### MATERIALS PROVIDED
***

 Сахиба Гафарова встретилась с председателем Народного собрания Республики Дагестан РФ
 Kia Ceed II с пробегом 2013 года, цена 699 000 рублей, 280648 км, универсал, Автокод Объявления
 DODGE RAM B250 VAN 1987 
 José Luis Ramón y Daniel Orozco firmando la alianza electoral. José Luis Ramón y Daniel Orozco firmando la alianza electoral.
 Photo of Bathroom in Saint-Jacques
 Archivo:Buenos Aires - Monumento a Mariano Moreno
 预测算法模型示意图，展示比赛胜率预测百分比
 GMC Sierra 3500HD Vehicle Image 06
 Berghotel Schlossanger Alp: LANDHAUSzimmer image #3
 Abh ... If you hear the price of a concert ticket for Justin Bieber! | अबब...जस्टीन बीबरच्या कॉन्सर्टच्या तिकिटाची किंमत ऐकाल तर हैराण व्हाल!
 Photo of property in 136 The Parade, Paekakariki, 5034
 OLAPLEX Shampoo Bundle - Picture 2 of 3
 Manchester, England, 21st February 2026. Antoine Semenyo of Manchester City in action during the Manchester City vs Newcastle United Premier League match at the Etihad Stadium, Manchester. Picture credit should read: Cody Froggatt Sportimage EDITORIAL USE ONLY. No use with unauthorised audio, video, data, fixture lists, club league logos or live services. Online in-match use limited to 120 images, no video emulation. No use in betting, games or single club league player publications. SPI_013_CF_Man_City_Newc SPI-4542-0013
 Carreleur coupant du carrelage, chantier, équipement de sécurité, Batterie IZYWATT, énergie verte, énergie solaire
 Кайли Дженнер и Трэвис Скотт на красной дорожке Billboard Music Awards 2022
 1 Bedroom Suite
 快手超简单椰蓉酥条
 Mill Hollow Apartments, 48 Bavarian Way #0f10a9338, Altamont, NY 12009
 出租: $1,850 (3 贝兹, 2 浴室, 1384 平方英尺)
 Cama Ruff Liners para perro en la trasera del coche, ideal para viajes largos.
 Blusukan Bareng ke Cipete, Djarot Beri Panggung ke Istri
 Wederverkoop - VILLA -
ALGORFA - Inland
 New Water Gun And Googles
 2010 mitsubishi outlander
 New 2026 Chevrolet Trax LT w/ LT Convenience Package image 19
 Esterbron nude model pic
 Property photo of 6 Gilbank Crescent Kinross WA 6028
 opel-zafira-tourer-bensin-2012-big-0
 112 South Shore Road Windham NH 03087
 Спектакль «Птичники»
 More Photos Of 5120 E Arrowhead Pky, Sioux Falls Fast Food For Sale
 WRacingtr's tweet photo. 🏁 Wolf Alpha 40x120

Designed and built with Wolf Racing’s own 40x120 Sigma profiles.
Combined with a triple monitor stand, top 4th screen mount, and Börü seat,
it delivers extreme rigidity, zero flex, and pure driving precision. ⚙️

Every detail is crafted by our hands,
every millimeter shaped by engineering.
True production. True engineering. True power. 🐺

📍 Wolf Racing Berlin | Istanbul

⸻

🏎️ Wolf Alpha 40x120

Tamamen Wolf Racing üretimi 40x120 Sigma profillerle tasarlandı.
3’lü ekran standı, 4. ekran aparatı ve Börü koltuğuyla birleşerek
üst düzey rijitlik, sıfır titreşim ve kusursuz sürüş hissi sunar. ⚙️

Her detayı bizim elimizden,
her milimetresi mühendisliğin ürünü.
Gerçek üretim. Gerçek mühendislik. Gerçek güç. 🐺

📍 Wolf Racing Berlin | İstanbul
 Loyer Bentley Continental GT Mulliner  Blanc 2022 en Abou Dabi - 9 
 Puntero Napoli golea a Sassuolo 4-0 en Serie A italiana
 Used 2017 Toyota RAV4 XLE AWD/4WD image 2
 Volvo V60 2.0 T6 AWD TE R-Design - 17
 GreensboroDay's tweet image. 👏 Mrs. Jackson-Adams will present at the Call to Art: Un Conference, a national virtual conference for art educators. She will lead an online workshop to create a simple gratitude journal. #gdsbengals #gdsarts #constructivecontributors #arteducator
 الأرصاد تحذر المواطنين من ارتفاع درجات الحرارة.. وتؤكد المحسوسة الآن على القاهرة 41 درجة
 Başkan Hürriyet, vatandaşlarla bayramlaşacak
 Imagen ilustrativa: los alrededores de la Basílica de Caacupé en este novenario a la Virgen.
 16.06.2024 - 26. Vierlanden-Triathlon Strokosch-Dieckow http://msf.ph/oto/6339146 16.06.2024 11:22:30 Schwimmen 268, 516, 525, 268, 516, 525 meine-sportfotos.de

***

Copy out exactly the lines from the one containing "Puntero Napoli golea" through the last line above, keeping both end lines.

 Puntero Napoli golea a Sassuolo 4-0 en Serie A italiana
 Used 2017 Toyota RAV4 XLE AWD/4WD image 2
 Volvo V60 2.0 T6 AWD TE R-Design - 17
 GreensboroDay's tweet image. 👏 Mrs. Jackson-Adams will present at the Call to Art: Un Conference, a national virtual conference for art educators. She will lead an online workshop to create a simple gratitude journal. #gdsbengals #gdsarts #constructivecontributors #arteducator
 الأرصاد تحذر المواطنين من ارتفاع درجات الحرارة.. وتؤكد المحسوسة الآن على القاهرة 41 درجة
 Başkan Hürriyet, vatandaşlarla bayramlaşacak
 Imagen ilustrativa: los alrededores de la Basílica de Caacupé en este novenario a la Virgen.
 16.06.2024 - 26. Vierlanden-Triathlon Strokosch-Dieckow http://msf.ph/oto/6339146 16.06.2024 11:22:30 Schwimmen 268, 516, 525, 268, 516, 525 meine-sportfotos.de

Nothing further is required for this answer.